Goal of the exercise
Take the listing below and reproduce it in full. Change nothing.

Dataset excerpts
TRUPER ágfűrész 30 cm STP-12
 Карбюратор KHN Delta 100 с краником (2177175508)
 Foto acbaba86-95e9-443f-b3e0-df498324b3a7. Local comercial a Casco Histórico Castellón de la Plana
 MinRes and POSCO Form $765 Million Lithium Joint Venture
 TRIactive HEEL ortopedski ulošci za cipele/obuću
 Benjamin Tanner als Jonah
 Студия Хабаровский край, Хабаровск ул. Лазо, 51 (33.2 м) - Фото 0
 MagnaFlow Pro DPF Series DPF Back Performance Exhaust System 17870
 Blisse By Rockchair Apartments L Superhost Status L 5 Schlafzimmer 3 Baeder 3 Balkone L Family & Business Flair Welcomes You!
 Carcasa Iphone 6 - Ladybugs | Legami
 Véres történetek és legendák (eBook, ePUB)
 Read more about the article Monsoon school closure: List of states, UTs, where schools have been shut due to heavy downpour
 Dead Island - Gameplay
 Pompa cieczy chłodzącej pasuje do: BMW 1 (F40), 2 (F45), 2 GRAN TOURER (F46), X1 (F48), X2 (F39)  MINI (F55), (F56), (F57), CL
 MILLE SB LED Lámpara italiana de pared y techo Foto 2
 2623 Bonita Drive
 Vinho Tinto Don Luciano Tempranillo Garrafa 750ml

Exercise response
TRUPER ágfűrész 30 cm STP-12
 Карбюратор KHN Delta 100 с краником (2177175508)
 Foto acbaba86-95e9-443f-b3e0-df498324b3a7. Local comercial a Casco Histórico Castellón de la Plana
 MinRes and POSCO Form $765 Million Lithium Joint Venture
 TRIactive HEEL ortopedski ulošci za cipele/obuću
 Benjamin Tanner als Jonah
 Студия Хабаровский край, Хабаровск ул. Лазо, 51 (33.2 м) - Фото 0
 MagnaFlow Pro DPF Series DPF Back Performance Exhaust System 17870
 Blisse By Rockchair Apartments L Superhost Status L 5 Schlafzimmer 3 Baeder 3 Balkone L Family & Business Flair Welcomes You!
 Carcasa Iphone 6 - Ladybugs | Legami
 Véres történetek és legendák (eBook, ePUB)
 Read more about the article Monsoon school closure: List of states, UTs, where schools have been shut due to heavy downpour
 Dead Island - Gameplay
 Pompa cieczy chłodzącej pasuje do: BMW 1 (F40), 2 (F45), 2 GRAN TOURER (F46), X1 (F48), X2 (F39)  MINI (F55), (F56), (F57), CL
 MILLE SB LED Lámpara italiana de pared y techo Foto 2
 2623 Bonita Drive
 Vinho Tinto Don Luciano Tempranillo Garrafa 750ml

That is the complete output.